The End of Childishness
The last eight years have seen the political left, from the loony moveon.org fringe to Democrat Congressional leaders, engage in destructive juvenile invective and surreal fantasy rather than in the sort of useful political criticism the Founders had in mind when they wrote the First Amendment. In the next four years, conservatives will have an opportunity to show the country how adults do dissent: offering criticism based on philosophical coherence, an awareness of the lessons of history, and a respect for the world as it is rather than the world of our fantasies.

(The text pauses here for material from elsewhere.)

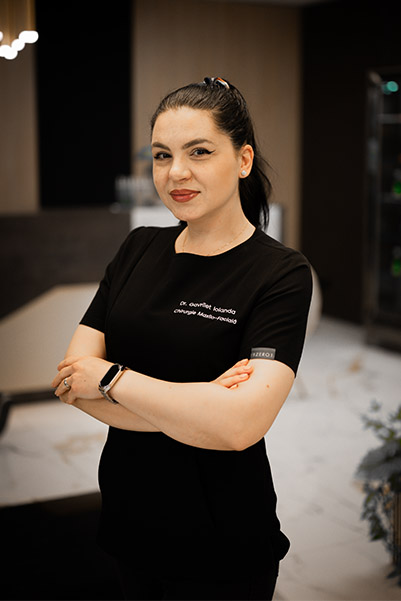 Dr. Iolanda Gavrileț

The attacks on President Bush and his policies were striking in their childish ignorance. The slogan “No blood for oil,” for example, was remarkable in its disconnect from the real-world functioning of oil markets and the mechanism of supply and demand. And even if the left had been right about oil being the prime mover of the war in Iraq, such an idea collapses before the scrutiny of mere common sense. For if insuring a supply of cheap gas for greedy Americans and their SUV’s had been the President’s aim, then cutting a deal with Hussein that relaxed the sanctions in exchange for access to oil––what France and Russia were trying to do––would have been fiscally and politically cheaper than going to war.

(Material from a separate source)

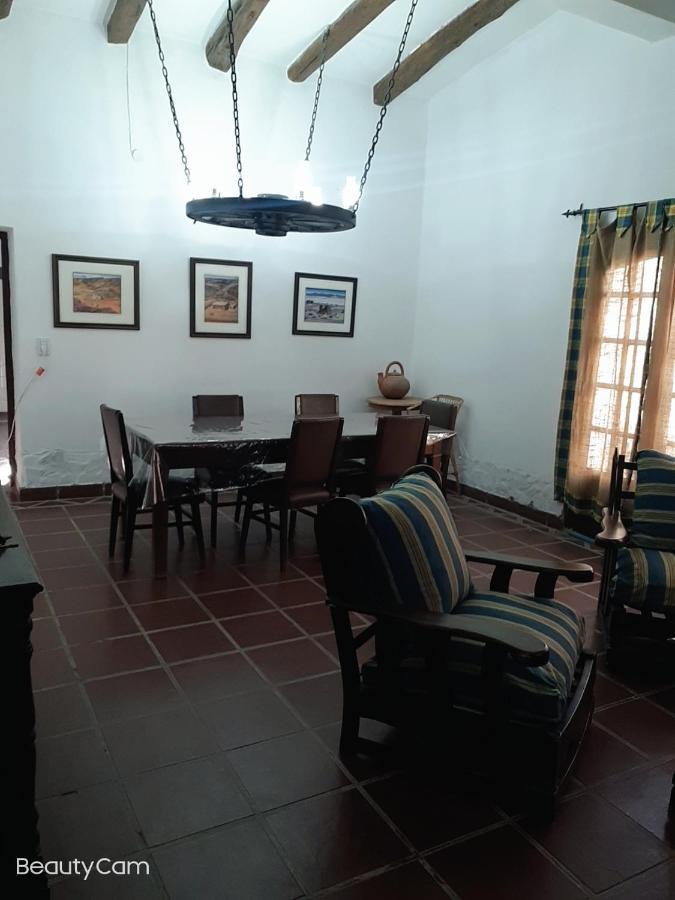 Antigua Lupe Villa Cachi Luaran gambar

Indeed, sheer ignorance, as much as willful distortion of fact, typically laced the assaults on the President. And this is the key to our current political predicament: the failure of the educational system for the last forty years has finally produced a critical mass of voting-age adults who lack a basic knowledge of history and the principles of coherent thought, at the same time that their self-esteem has been inflated and stroked into blind arrogance. Hence the typical tone of the leftist commentariat: a self-righteous moral bluster accompanied by a lack of rudimentary facts and the basics of sound argument.